5.0

When I think of witch hunts, the thing that immediate comes to mind is religious hysteria. I was born in the '80s, so I never really experienced all the renewed commotion about cults and satanic rituals that reemerged in the Reagan years. At best, I framed the entire idea through an arrogant atheist lens, taking the Salem witch trials for instance as further evidence of the irrationality that undergirded the religious experience that I so despised growing up.

Silvia Federici's work in Caliban and the Witch reframes and recontextualises the original witch hunts in Europe by looking more closely at the origins of the practice, who they actually affected and what the practical effect of it all was.

The headline argument is that the witch hunt was a practical tool used to break the back of the peasantry in the transition from the feudal system of primitive accumulation to capitalism. She argues that the transition as it happened was not inevitable, but required winning a war against the peasants who resisted the enclosure of the commons.

Where in the system of feudalism, women's contribution to a subsistence economy put them on more or less equal footing with men, a wage-based system began a shift in the perception of "women's work" that essentially removed their labor from the moneyed economy.

"In the transition from feudalism, the working class more generally was separated from the land, removing their ability to subsist outside a moneyed economy. Women become a collective replacement for the commons, their labor removed from the formal economy. And that was cemented by changes to the family that functionally criminalized independent women while making them dependent on the family."

Since women -- particularly older women -- stood to lose the most from this transition, they were often at the head of the movements resisting the enclosures. As the itinerate healers, herbalists and keepers of the lore, they were also in many ways the cultural focal points of feudal communities.
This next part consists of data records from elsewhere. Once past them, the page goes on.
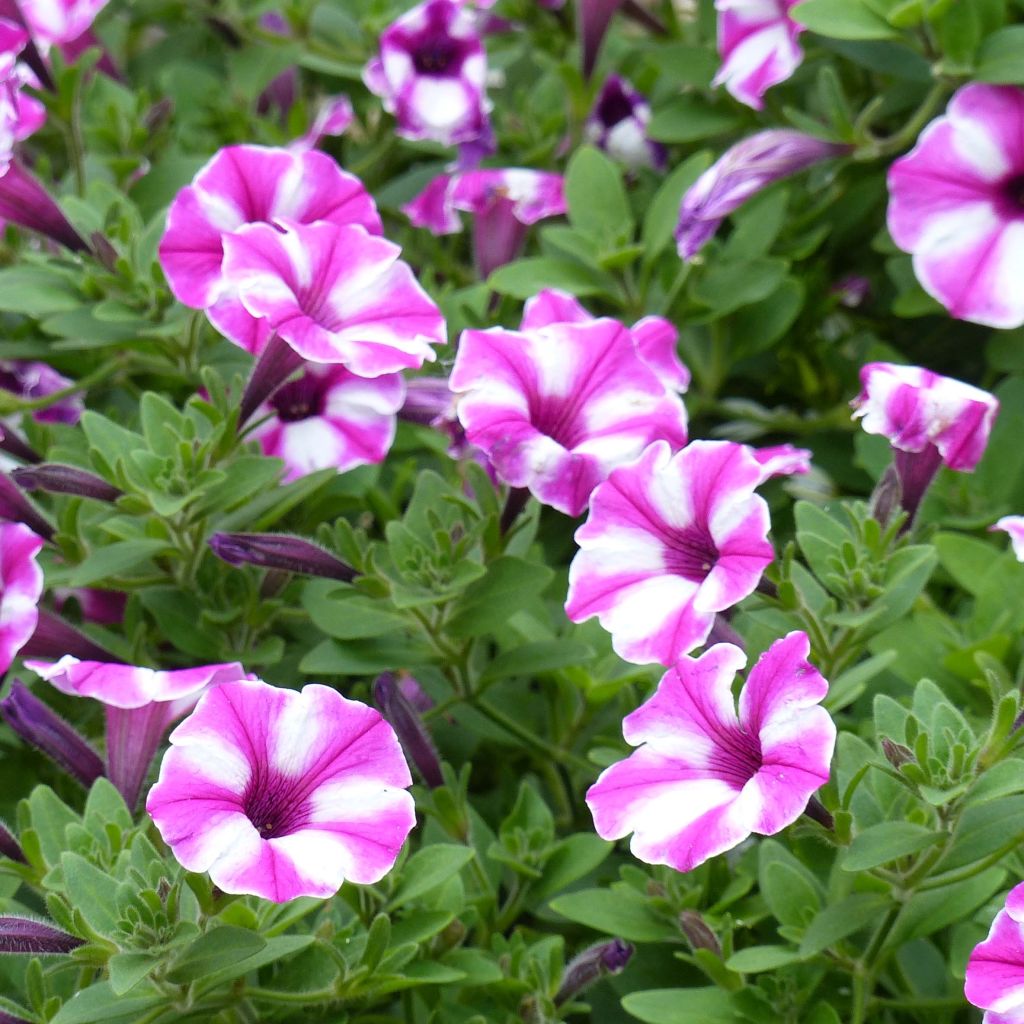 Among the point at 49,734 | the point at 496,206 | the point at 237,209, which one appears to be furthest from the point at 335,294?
the point at 496,206

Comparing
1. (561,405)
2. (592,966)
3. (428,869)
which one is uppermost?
(561,405)

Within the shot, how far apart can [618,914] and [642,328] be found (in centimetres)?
48

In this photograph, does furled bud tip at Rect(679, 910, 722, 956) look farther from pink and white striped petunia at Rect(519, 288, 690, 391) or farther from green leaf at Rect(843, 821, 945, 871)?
pink and white striped petunia at Rect(519, 288, 690, 391)

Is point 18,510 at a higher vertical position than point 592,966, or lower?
higher

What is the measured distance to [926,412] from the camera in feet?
3.39

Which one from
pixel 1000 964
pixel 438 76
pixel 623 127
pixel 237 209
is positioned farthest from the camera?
pixel 623 127

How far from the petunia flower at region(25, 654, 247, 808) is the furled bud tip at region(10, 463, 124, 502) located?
5.6 inches

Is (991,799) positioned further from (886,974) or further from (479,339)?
(479,339)

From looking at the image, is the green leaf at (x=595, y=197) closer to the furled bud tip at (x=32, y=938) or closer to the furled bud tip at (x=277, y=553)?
the furled bud tip at (x=277, y=553)

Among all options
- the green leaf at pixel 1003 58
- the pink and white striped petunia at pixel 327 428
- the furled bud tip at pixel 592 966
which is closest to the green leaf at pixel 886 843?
the furled bud tip at pixel 592 966

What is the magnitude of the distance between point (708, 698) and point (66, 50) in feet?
4.78

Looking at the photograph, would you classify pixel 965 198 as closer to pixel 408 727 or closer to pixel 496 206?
pixel 496 206

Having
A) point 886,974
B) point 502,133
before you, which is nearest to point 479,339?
point 886,974

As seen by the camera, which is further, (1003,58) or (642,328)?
(1003,58)
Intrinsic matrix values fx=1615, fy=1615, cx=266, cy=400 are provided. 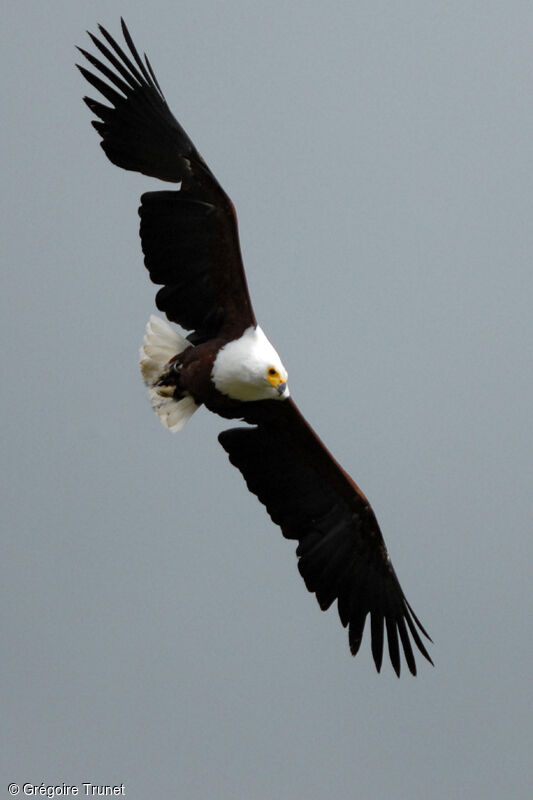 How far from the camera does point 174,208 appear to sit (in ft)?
32.1

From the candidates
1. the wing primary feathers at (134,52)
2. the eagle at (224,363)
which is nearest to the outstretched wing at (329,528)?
the eagle at (224,363)

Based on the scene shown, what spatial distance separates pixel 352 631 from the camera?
11219 mm

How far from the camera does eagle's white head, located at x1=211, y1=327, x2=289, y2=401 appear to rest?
991 cm

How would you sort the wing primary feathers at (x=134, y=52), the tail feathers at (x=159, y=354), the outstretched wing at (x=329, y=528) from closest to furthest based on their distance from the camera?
the wing primary feathers at (x=134, y=52), the tail feathers at (x=159, y=354), the outstretched wing at (x=329, y=528)

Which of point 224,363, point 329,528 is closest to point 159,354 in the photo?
point 224,363

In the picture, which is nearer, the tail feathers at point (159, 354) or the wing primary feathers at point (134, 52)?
the wing primary feathers at point (134, 52)

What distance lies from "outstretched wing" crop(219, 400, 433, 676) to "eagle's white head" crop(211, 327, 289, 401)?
0.78 m

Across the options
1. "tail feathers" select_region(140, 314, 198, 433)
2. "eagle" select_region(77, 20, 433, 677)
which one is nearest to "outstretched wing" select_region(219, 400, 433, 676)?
"eagle" select_region(77, 20, 433, 677)

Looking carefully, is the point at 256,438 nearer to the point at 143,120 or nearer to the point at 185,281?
the point at 185,281

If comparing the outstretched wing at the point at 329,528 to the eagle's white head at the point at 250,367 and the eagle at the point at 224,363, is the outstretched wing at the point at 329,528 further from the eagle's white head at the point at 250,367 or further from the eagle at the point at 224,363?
the eagle's white head at the point at 250,367

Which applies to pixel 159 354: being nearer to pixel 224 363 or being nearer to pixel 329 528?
pixel 224 363

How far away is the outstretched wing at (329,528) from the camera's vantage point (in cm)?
1090

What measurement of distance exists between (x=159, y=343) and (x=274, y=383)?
0.84m

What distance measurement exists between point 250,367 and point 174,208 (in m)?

They also retained stores of knowledge that helped control reproduction for feudal women -- with herbal forms of sterilization, birth control and abortion as well as a role as midwives.

So when you then consider a lot of the iconography of the witch, you can see all the ways that their contributions to their communities were warped and turned into Satanic imagery. Worship of pagan gods become worship of the Devil. Revolutionary meetings in the woods at night (plus some polygamy!) become Satanic orgies. Herbalism becomes a disposition to poisoning. Abortion becomes the ritual sacrifice and consumption of babies.

Even with the loss of the peasant resistance and the ultimate victory of capitalism, you see how the witch is just used to beat down and level off any woman who dares resist the patriarchal status quo.

"Just as the Enclosures expropriated the peasantry from the communal land, so the witch-hunt expropriated women from their bodies, which were thus 'liberated' from any impediment preventing them to function as machines for the production of labor. For the threat of the stake erected more formidable barriers around women's bodies than were ever erected by the fencing of the commons."

This is a model that Federici notes continues unabated even today, as global capitalism continues to enforce "enclosures" in as-yet-untapped regions like sub-Saharan Africa.

"[T]he political lesson that we can learn... is that capitalism, as a social-economic system, is necessarily committed to racism and sexism. For capitalism must justify and mystify the contradictions built into its social relations -- the promise of freedom vs. the reality of widespread coercion, and the promise of prosperity vs. the reality of widespread penury - by denigrating the 'nature' of those it exploits."

It's amazing how it takes Federici only 200 pages to totally change my perspective of the persecution of witchcraft into a really potent critique of the essential patriarchal nature of capitalism. To be sure, once the witch hunts are unleashed, they still take on a hysterical religious character, but it's a lot easier to see what their effect is as a tool of social control.

This was a great read. One I am glad I bought and that I am almost certain to return to again.